Method	Params	LIBERO-Spatial	LIBERO-Object	LIBERO-Goal	LIBERO-Long	Avg.
OpenVLA	7B	84.7	88.4	79.2	53.7	76.5
π0	3B	76.9	96.0	89.4	68.2	82.6
JALA	~2B	Superior	Superior	Superior	Superior	Surpasses same-scale baselines

Hand Motion Generation (Laboratory vs. In-the-Wild)¶

Method	Lab FID↓	In-the-Wild FID↓
Being-H0 (lab only)	Better	Worse
JALA	Maintained	Significantly improved

Key Findings¶

JALA generates more realistic hand motion in in-the-wild scenarios while maintaining laboratory-level performance.
Compared to training on laboratory data alone, mixed training consistently improves performance across all Libero sub-tasks.
Joint alignment outperforms using MCP or LAP individually.
JALA achieves strong performance on real-world robot tasks, particularly in out-of-distribution settings.

Highlights & Insights¶

Bypassing FDM reconstruction is the key innovation: aligning embeddings rather than reconstructing pixels eliminates the primary quality bottleneck.
Decoupled EMA updates is an elegant design: the backbone handles context while queries anchor action representations, leveraging the strengths of each.
UniHand-Mix is currently the largest pretraining dataset for hand manipulation, at 7.5M samples.
The transfer pipeline from human video to robot manipulation (pretraining → flow-matching post-training) is concise and efficient.

Limitations & Future Work¶

The pseudo hand-pose annotation confidence threshold of 0.65 for in-the-wild videos may still introduce noise.
The MANO parametric representation limits modeling of non-hand manipulations (e.g., tool use).
Videos in UniHand-Mix are predominantly egocentric; third-person-view human manipulation videos are not included.
The variety and scale of real-world robot experiments leave room for further expansion.

vs.

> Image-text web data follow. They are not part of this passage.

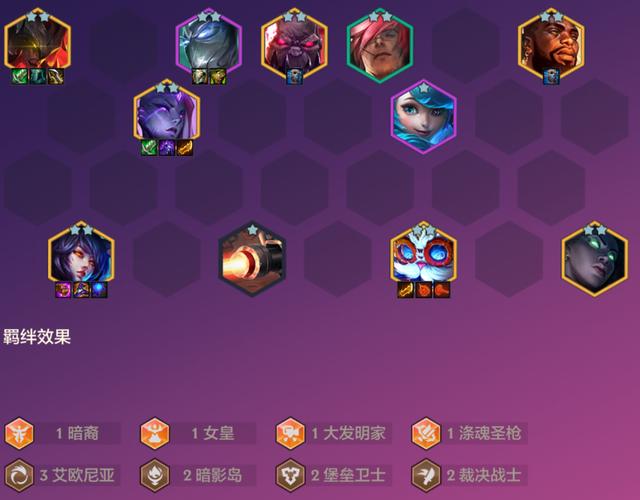 金铲铲之战S9赛季末-最强阵容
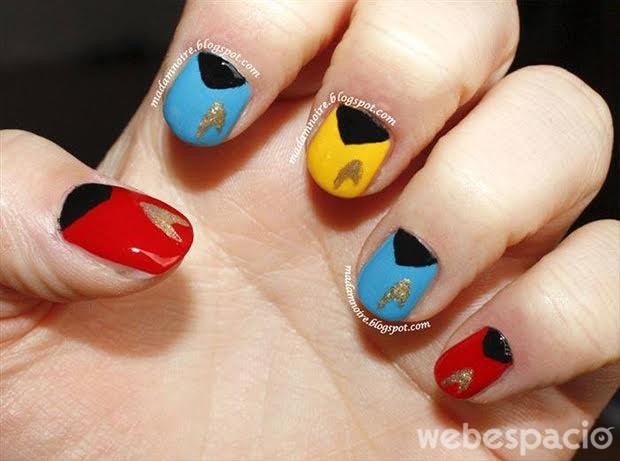 manicure-star-trek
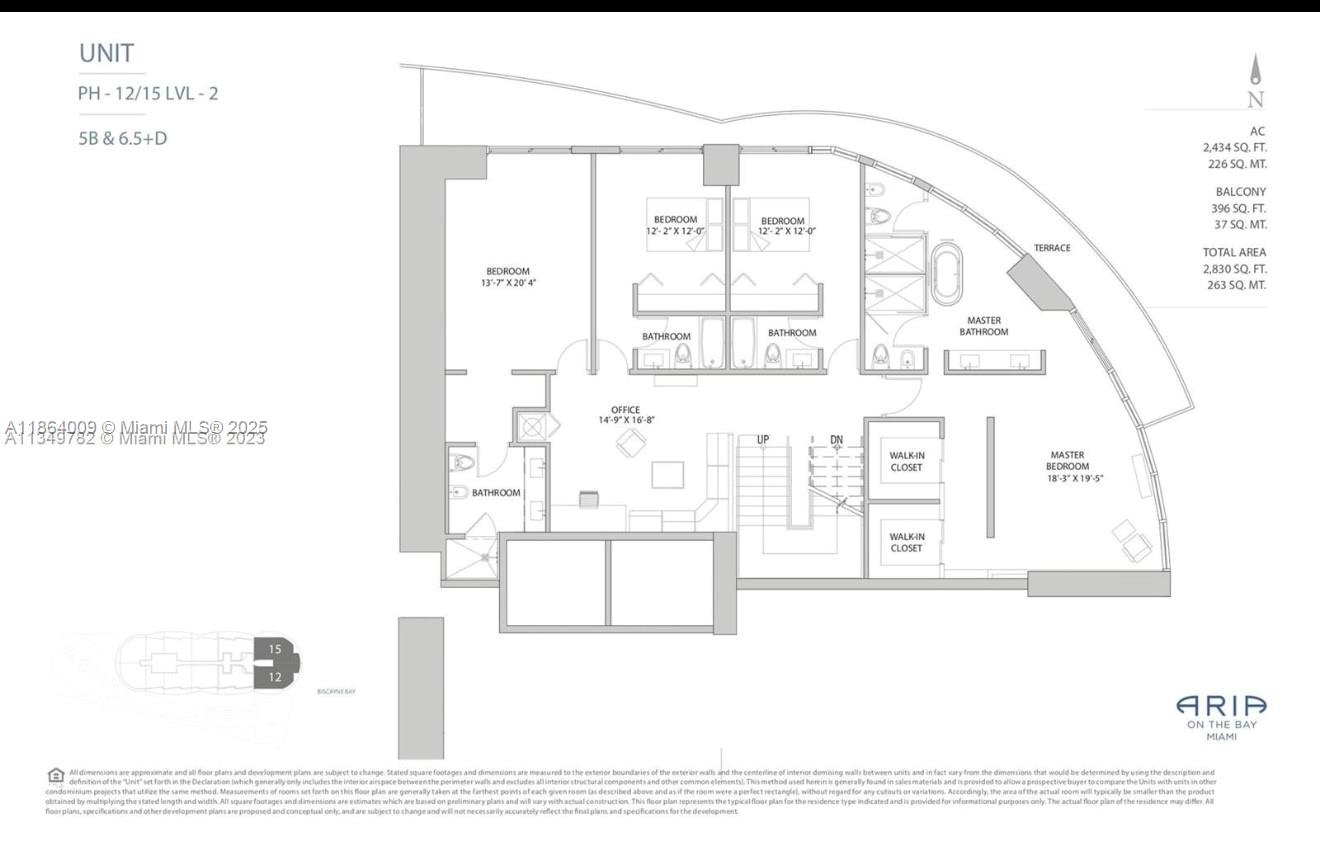 ARIA ON THE BAY CONDO - Residential Lease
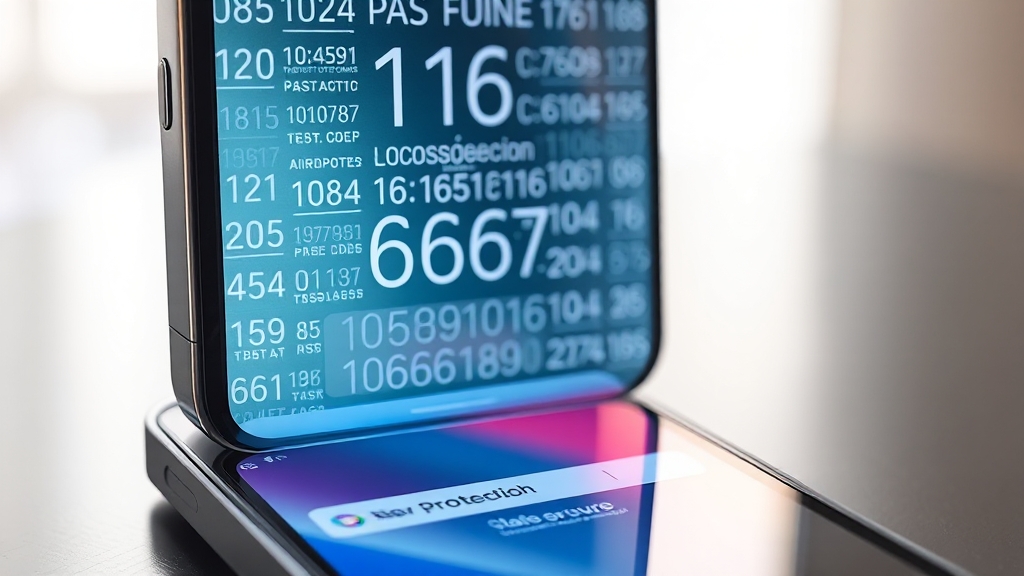 iOS 18.6 보안 업데이트 상세 (realistic 스타일)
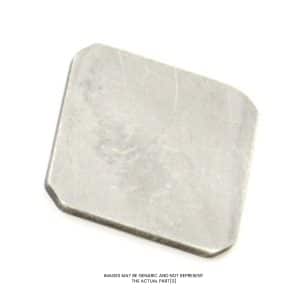 Ulvac Exhaust Valve Plate, 22.8 X 22.8 X 1.47 Replacement Part 380022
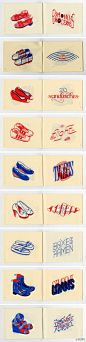 字体与鞋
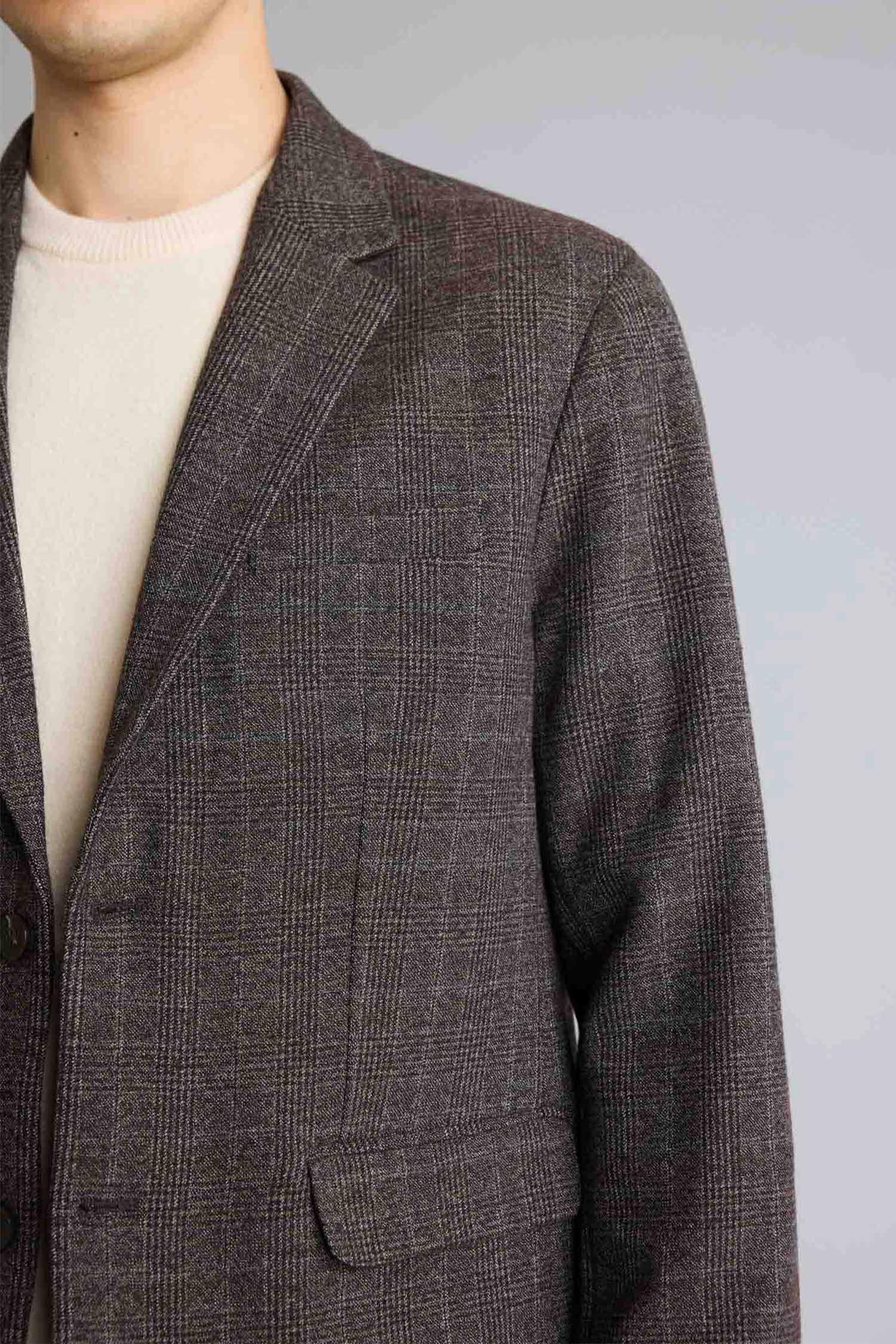 DeFacto Regular Fıt Astarlı Blazer Ceket görsel 7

LAPA: LAPA constrains the latent action space via FDM reconstruction; JALA bypasses the reconstruction bottleneck through joint alignment.
vs. Being-H0: Being-H0 relies solely on laboratory annotated data; JALA extends to in-the-wild videos via LAP.
vs. OpenVLA/RoboVLM: These methods train directly on robot data; JALA acquires richer manipulation priors through human video pretraining.
The joint alignment paradigm for latent actions generalizes to other settings that require learning actions from heterogeneous data sources.

Rating¶

Novelty: ⭐⭐⭐⭐⭐ The joint alignment paradigm fundamentally advances latent action learning.
Experimental Thoroughness: ⭐⭐⭐⭐ Validated across hand generation, simulation, and real-world settings.
Writing Quality: ⭐⭐⭐⭐ Method motivation is clearly derived and figures are intuitive.
Value: ⭐⭐⭐⭐⭐ Provides a critical methodological foundation for scalable VLA pretraining from human video.